Bien sûr, l’éthique politique peut reprocher au politicien à un poste de responsabilité de ne penser qu'à ça et de se mouiller avec des souteneurs - avec le risque de conflit d'intérêt et de dépendance au chantage que cela implique -, mais dès lors qu’il est retiré des affaires ? Doit-on reprocher, demande Marcela Iacub, à l’homme redevenu un quidam de découcher, fréquenter des prostituées ou de participer à des orgies ? Ne faut-il pas dans une société démocratique, laisser aux hommes le droit de mener leur vie cochonne « sans qu’un juge leur demande des comptes » ? [La réponse est dans la question, mais est-ce le sentiment de l'épouse, Anne Sinclair, en l'espèce ?] Sans qu’une loi condamne les clients des prostituées, comme le veulent les féministes socialistes. Sans qu’on les traite comme des cas pathologiques ? Sans qu'on parle de violence faite aux femmes quand le désir devient féroce (« Fais-moi mal, Johnny, Johnny, Johnny. Moi j'aime l'amour qui fait boum ! » chantait Magali Noël). Quand elle défend ce droit à la part maudite de chacun, tout comme quand elle refuse qu'on victimise les prostituées indépendantes, Marcela Iacub fait preuve d'un certain courage - elle interpelle le moralisme ambiant. Là voilà partout décriée. 

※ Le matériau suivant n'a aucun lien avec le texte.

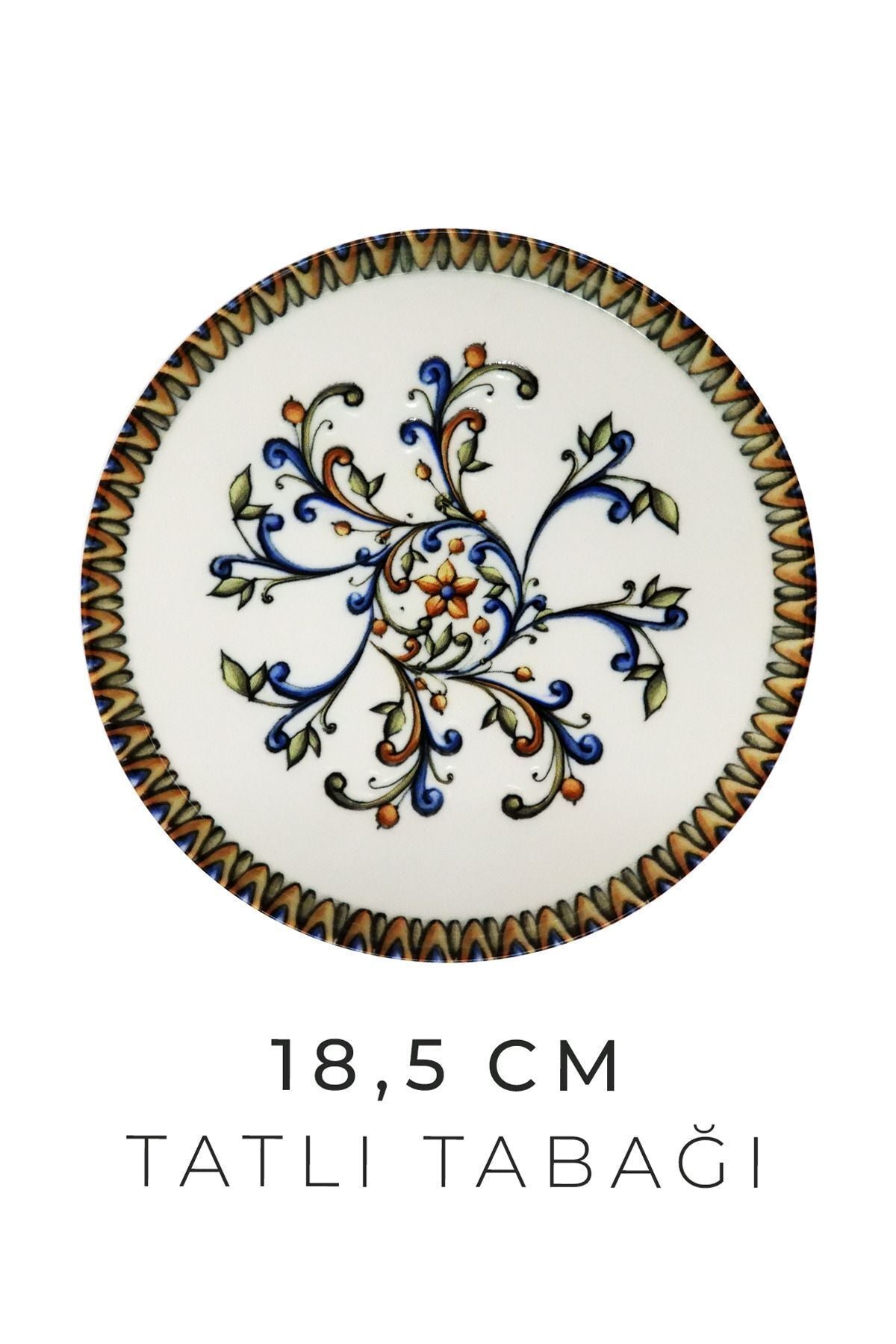 24 Parça 6 Kişilik Barok Bahar New Bone Porselen Yemek Takımı - Çorba Servis Yemek Tabağı Seti - Justyol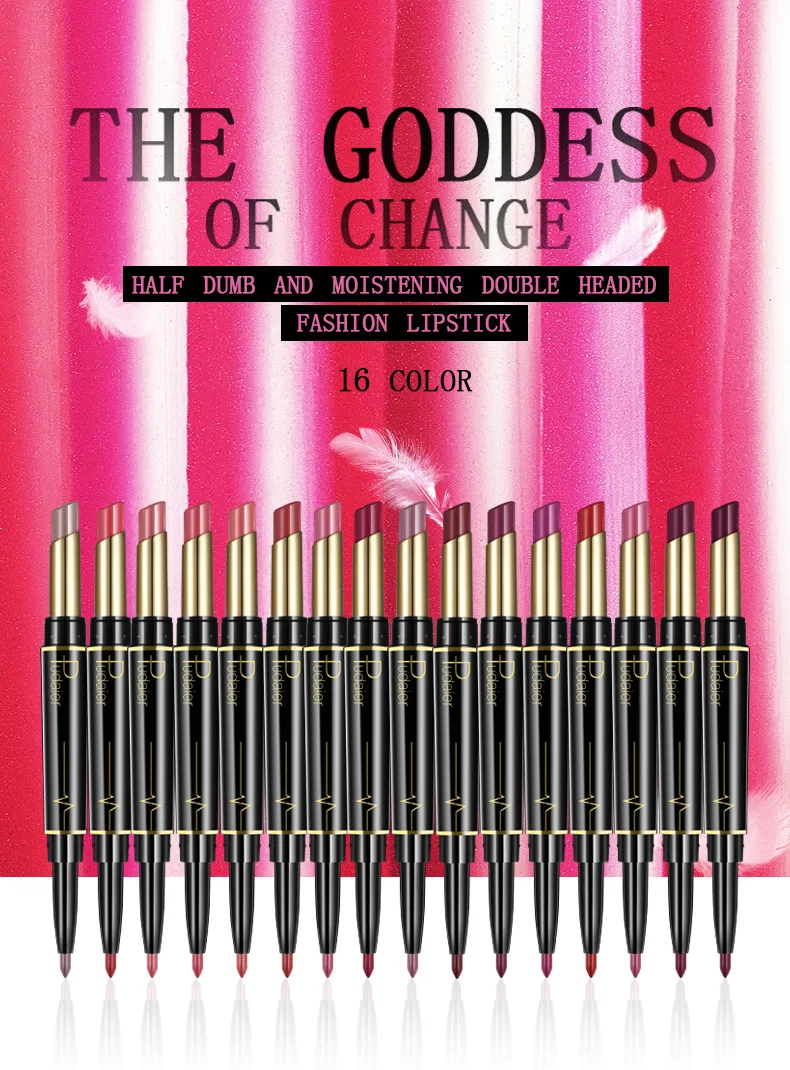 Pudaier, 16 цветов, двойная головка, матовая губная помада, коврик для губ, подводка для губ, ручка, сексуальный телесный красный карандаш для губ, стойкий макияж, косметика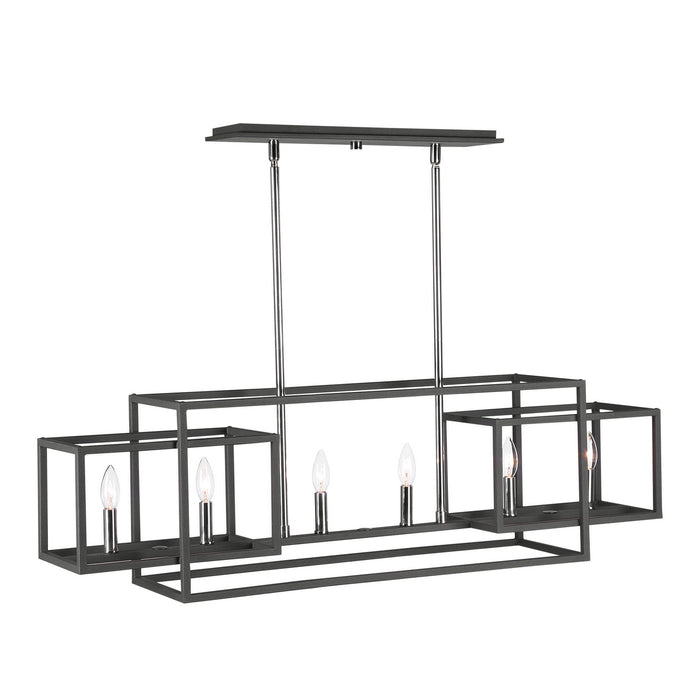 Uttermost 21339 Six Light Chandelier, Black & Polished Nickel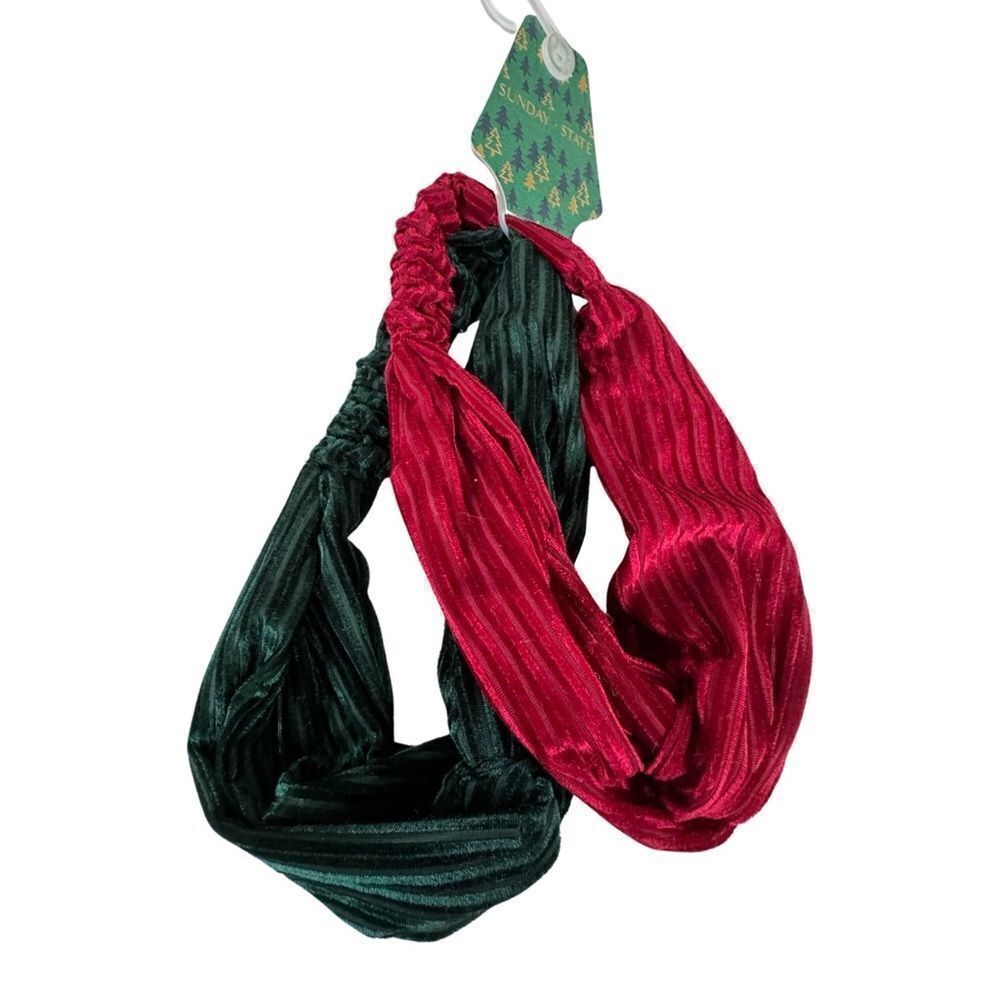 Velvet Knot Ribbed Headbands - Evergreen & Cranberry Set of 2 NWT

Depuis quelques années, on entend beaucoup que la nouvelle maladie d’époque serait la dépendance sexuelle. En novembre 2011, le siteNewsweek-Daily Beast parlait d’une véritable «épidémie » dans le monde occidental. Grâce aux tabloïds, nous connaissons toutes les célébrités atteintes, Michael Douglas, Tiger Woods, David Duchovny… et DSK. Tous des porcs - des dépendants. Aux Etats-Unis, une société de thérapeutes estimait fin 2011 que 3 à 5% de la population est atteinte, soit 9 millions de gens - cela fait beaucoup, va-t-il falloir mettre des policiers et des caméras à tous les carrefours ? Les symptômes ? Chercher sans cesse des nouveaux partenaires. Éprouver une envie permanente de plaisir sexuel. Regarder beaucoup de pornographie sur Internet (où elle d'accès libre et gratuit). Fréquenter des personnes faciles et des prostituées. Ne jamais s’arrêter, quitte à mettre en danger sa famille ou sa réputation. Ce «trouble hypersexuel» et cette «nymphomanie» hypermodernes viendraient de la combinaison fatale de la sexualisation des tenues féminines (on sait que cette critique a jeté des "sluts walks", des "marches de salopes" revendiquées dans 150 villes autour du monde), la prolifération des « escorts» indépendantes, l’accès libre aux sites pornos et l’effondrement des valeurs familiales.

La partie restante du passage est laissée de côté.